In a centrally planned economy, securing inputs for an enterprise is a major problem while enterprise financing is relatively unimportant. Under central planning, financial resources are allocated passively in responses to enterprises' financing requirements, and financial resources do not determine an enterprise's ability to secure inputs. Instead, inputs are rationed through bureaucratic means, and enterprises confront a chronic shortage of inputs.
Budgetary discipline in financing enterprises and price liberalization creates a market for raw materials and inputs. Limited financial resources constrain enterprises' ability to demand inputs and creates an inverse relationship between the price of inputs and an enterprise's demand for inputs.
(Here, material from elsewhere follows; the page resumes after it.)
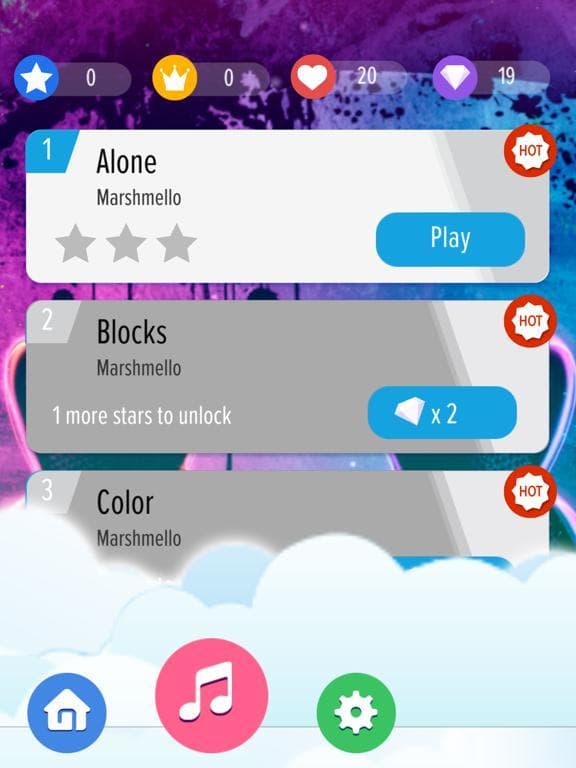 Piano Tiles 2019: Magic Piano screenshot 3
Price liberalization allows the price of inputs to adjust to equate the demand for inputs with the supply. Thus enterprises' problems shift from finding ways to secure particular inputs to finding ways to secure capital.
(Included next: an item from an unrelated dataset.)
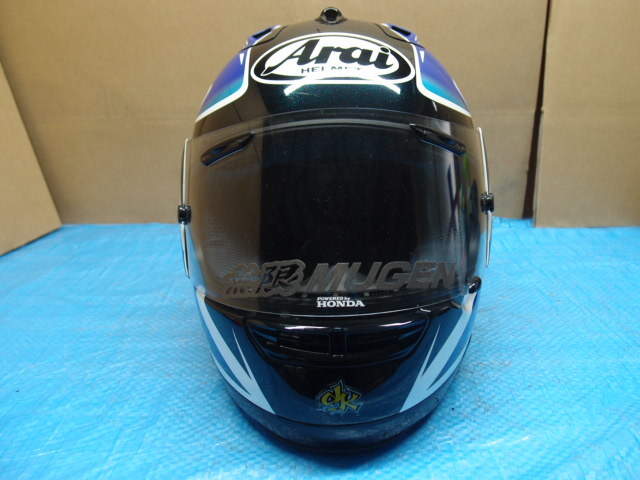 ジャンク品アライヘルメットSIGNET-RR シグネット アライフル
A measure of the development of product markets is the extent to which securing inputs becomes a financial problem rather than an issue of bureaucracy, barter, or personal connections. The shift in the nature of problems confronting enterprise managers in the Russian Federation since the price liberalization and macroeconomic reforms in early 1992 indicates progress toward the development of a market economy. In contrast, the pattern of enterprise constraints in Kyrgystan is more typical of that prevalent under central planning.